Did you guess? What, you don't care?
And the answer is, "Alex, what are my dishes?" I loved the color vibe from my dishes so much that I based my entire color scheme on them. Is that crazy or what? Or maybe, just maybe, is that a stroke (art pun intended) of genius?
end of posting fine print: all photos are copyright 2012 Lori J. Bjork, lbjork9999@yahoo.com
*Generosity of spirit - "...celebrate the good fortune of others as well as your self" according to a blog post in the Access Consciousness(TM) blog by Simone Milasas.
**These are the same teaching and tools that Ricky Williams, the former NFL player, has adopted in his life and is now facilitating. He was one of the students in my first bars class. And if it is good enough for an former NFL player... (just a little levity there). I can't speak for Ricky, but I use the teachings and tools because they work for me. I am not here to tell you what to do, I only bring it up as an invitation to what else may be possible (and maybe as a little "make me seem important" name dropping 'cuz if I saw him on the street I probably wouldn't recognize him to save my life, nor would he probably recognize me either)
***Please note I am not doing any sort of commercial for Ikea with this blog post.
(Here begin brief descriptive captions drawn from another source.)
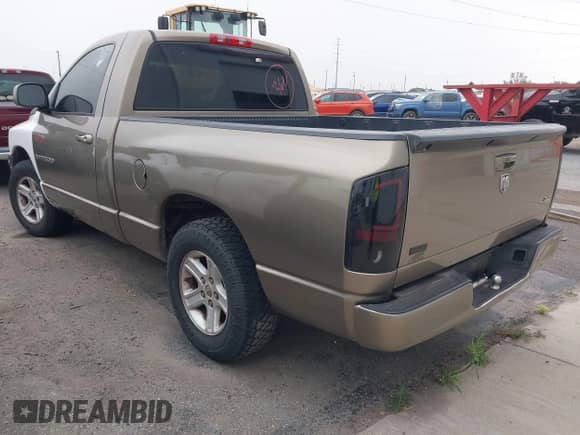 2007 Dodge 1500 SLT z VIN 1D7HA16P27J567637, wystawiony jako IAAI lot #42122423 z przebiegiem 230 111 mil mil oraz . Historia ofert i sprzedaży dostępna na DreamBid. Obrazek 3.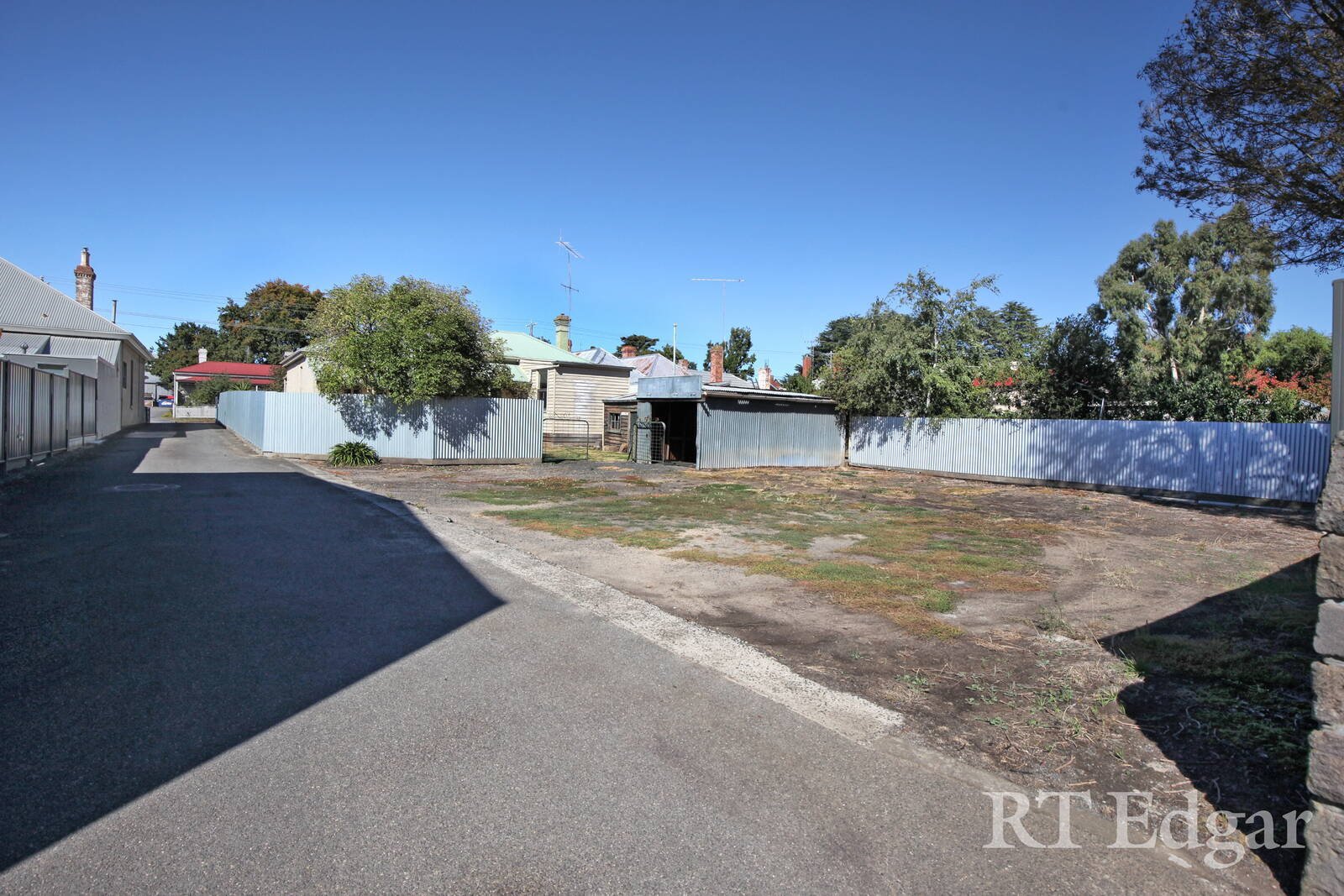Property Gallery Thumbnail 11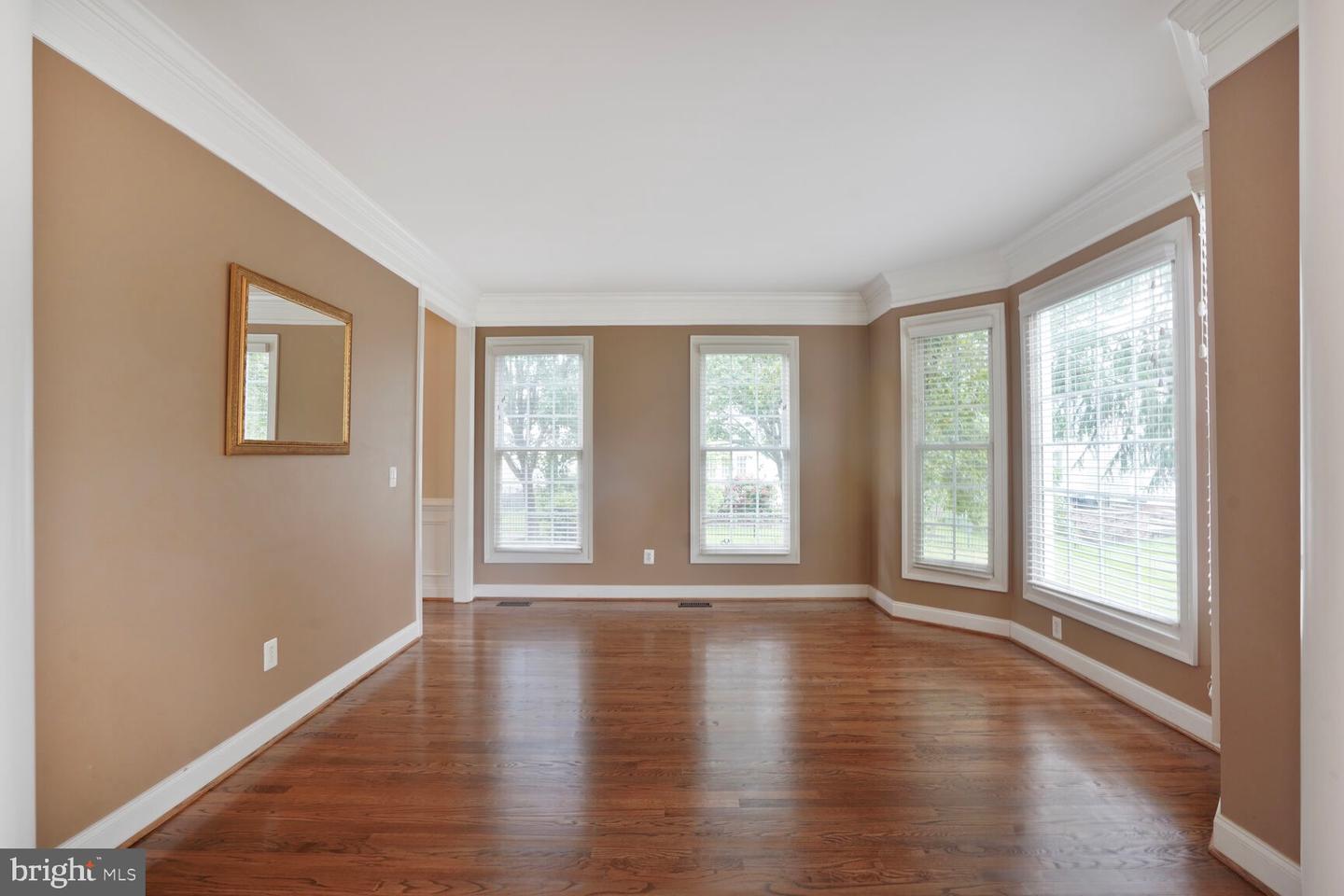 5438 SHERMAN OAKS CT, HAYMARKET, Virginia 20169, 4 Bedrooms Bedrooms, ,4 BathroomsBathrooms,Residential,For sale,5438 SHERMAN OAKS CT,VAPW2096686 MLS # VAPW2096686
My mentioning them is simply about sharing information in case this blog post inspired you to try some sort of similar type art of your own. For that matter, the three pieces I did that I have affixed to my wall were done on canvas I got at Michaels and you could probably get at any art supply store.
****Some of you may be thinking, "the entertainment center is not art, Lori...it's design!" How did I do that? How did I get in your head? I notice "art v. design" appears to be a highly debated topic. What if it can be both? What if right here and right now, I can declare it to be both? What would grant me that right? Mostly, 'cuz this blog is sort of my Queendom. So my rules! I get to decide "just for me, just for fun". Of course, you are invited to play with me here in my Queendom any time. Now, what would be better than that?